[Stored records]
------

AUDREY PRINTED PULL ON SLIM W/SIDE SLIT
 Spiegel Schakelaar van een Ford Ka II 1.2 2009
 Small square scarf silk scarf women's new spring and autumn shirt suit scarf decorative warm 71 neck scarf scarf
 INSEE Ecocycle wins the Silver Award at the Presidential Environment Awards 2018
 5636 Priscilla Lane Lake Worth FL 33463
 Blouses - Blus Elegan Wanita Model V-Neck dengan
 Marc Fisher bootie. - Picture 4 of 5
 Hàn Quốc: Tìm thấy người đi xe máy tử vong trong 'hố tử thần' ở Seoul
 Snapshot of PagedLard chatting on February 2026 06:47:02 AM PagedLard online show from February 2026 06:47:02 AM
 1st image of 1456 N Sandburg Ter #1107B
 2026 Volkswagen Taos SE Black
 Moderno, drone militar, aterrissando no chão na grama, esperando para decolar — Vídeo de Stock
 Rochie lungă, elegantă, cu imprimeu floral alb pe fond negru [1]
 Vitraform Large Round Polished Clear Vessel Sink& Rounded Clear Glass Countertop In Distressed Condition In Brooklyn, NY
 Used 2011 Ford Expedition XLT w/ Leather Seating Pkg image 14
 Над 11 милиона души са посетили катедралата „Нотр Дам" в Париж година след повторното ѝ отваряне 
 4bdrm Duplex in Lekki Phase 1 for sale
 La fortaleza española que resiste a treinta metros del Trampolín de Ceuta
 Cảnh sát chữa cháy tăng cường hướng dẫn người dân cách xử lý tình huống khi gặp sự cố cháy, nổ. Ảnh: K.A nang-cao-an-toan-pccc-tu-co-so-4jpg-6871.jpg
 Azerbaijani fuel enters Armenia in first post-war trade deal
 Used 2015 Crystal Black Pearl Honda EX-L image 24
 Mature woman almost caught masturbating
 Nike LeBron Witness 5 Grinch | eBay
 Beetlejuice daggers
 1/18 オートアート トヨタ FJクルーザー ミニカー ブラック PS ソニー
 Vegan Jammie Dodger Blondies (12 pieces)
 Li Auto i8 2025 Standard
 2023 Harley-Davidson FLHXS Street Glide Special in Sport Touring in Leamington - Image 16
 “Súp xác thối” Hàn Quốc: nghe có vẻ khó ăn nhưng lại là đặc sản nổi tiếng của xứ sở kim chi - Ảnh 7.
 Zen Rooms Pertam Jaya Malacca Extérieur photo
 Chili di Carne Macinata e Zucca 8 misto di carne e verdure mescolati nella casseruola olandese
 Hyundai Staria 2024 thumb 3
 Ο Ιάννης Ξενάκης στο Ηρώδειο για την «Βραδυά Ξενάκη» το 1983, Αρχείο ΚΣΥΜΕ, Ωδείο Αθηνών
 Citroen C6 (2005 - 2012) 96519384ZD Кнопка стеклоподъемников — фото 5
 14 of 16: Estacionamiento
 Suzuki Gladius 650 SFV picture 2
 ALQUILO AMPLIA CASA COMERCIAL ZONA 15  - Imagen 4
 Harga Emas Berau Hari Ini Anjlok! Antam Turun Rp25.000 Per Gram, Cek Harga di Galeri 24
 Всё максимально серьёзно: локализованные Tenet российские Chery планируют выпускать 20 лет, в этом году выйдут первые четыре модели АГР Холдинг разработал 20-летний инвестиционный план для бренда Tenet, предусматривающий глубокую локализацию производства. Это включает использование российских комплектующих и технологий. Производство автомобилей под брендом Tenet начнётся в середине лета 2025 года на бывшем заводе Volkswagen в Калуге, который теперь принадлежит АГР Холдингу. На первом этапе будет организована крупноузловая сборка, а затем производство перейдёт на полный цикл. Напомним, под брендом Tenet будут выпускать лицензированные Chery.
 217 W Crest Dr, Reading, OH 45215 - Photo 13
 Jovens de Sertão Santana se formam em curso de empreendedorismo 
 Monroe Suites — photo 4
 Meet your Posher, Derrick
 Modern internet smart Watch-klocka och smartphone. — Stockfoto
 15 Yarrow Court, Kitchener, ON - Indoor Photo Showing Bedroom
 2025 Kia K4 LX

------

**Task item**
Nothing but the lines from the top of the entries above through the line with "Hàn Quốc: Tìm" should be set down, each exactly as written.

**Result of the task**
AUDREY PRINTED PULL ON SLIM W/SIDE SLIT
 Spiegel Schakelaar van een Ford Ka II 1.2 2009
 Small square scarf silk scarf women's new spring and autumn shirt suit scarf decorative warm 71 neck scarf scarf
 INSEE Ecocycle wins the Silver Award at the Presidential Environment Awards 2018
 5636 Priscilla Lane Lake Worth FL 33463
 Blouses - Blus Elegan Wanita Model V-Neck dengan
 Marc Fisher bootie. - Picture 4 of 5
 Hàn Quốc: Tìm thấy người đi xe máy tử vong trong 'hố tử thần' ở Seoul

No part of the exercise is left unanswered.